Bu arada Haşimiler Osmanlı ile savaşıp İngiltere’nin kazanmasına destek oldukları halde petrol zengini Arap yarımadasının (Hicaz krallığının) hakimiyeti Haşimiler yerine Müslümanlığın bugün de en gerici ve köktendinci hareketi olan Vehhabiliği benimseyen Suud ailesine bırakıldı. Diğer yandan Şerif Hüseyin, Versay Antlaşması’na ve İngilizlerin Siyonizm’e, özellikle de Balfour Deklarasyonu‘na verdiği desteğe direnmiş ve Londra/Paris ile sürtüşmüştü. Neticede İngiliz Hariciyesi, Genelkurmayının aksine İbn Suud‘u bölgesel bir ortak olarak daha yönetilebilir buldu. Sonuçta Haşimiler, 1920’lerin başında İbn Suud tarafından yavaş yavaş Hicaz‘dan sürüldü ve 1924’te Mekke ve Medine‘nin ele geçirilmesiyle hanedanın faaliyetleri bitirildi.

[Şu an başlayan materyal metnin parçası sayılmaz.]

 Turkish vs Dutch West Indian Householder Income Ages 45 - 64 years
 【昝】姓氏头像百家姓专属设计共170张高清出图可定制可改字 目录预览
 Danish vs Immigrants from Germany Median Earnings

İngilizler, 1932’de Suudi Arabistan Krallığı kurulurken de İbn Suud‘u desteklediler. Bu arada Haşimiler, Irak ve Ürdün’de verilen Krallıklara razı geldiler. Vehhabiler de en tutucu, en köktendinci uygulamaları ile İslam dininin Soğuk Savaş sonrası köktendincilik (fundamentalizm) ile özdeşleşmesine neden olacak pek çok fraksiyonların ortaya çıkmasına neden oldu. Bu süreçte Suudi Arabistan’ın Rabıta üzerinden dünyaya köktendinciliğin ihraç edilmesinde önemli rolü oldu. 12 Eylül döneminde maalesef Almanya’daki Türk imamların bile maaşlarının Rabıta tarafından ödendiği ortaya çıktı.

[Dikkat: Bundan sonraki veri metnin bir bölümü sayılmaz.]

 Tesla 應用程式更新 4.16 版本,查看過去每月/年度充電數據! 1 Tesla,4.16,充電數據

ABD, İNGİLTERE’NİN YERİNİ ALIRKEN
İkinci Dünya Savaşı bitip, Arap yarımadasındaki zengin petrol kaynakları ortaya çıkınca ve de İsrail’in kurulması gündeme geldiğinde 1945 Şubat’ında Yalta Konferansı sonrası İbn Suud ile Süveyş Kanalında Amerikan Savaş Gemisi USS Quincy’de buluşan Amerikan Başkanı Roosevelt Kraldan bölgedeki petrol haklarının kullanım iznini talep etti. Kral bunun ancak İsrail’in kurulmasına karşı çıkmaları halinde gerçekleşeceğini söyledi. Başkan kabul etti.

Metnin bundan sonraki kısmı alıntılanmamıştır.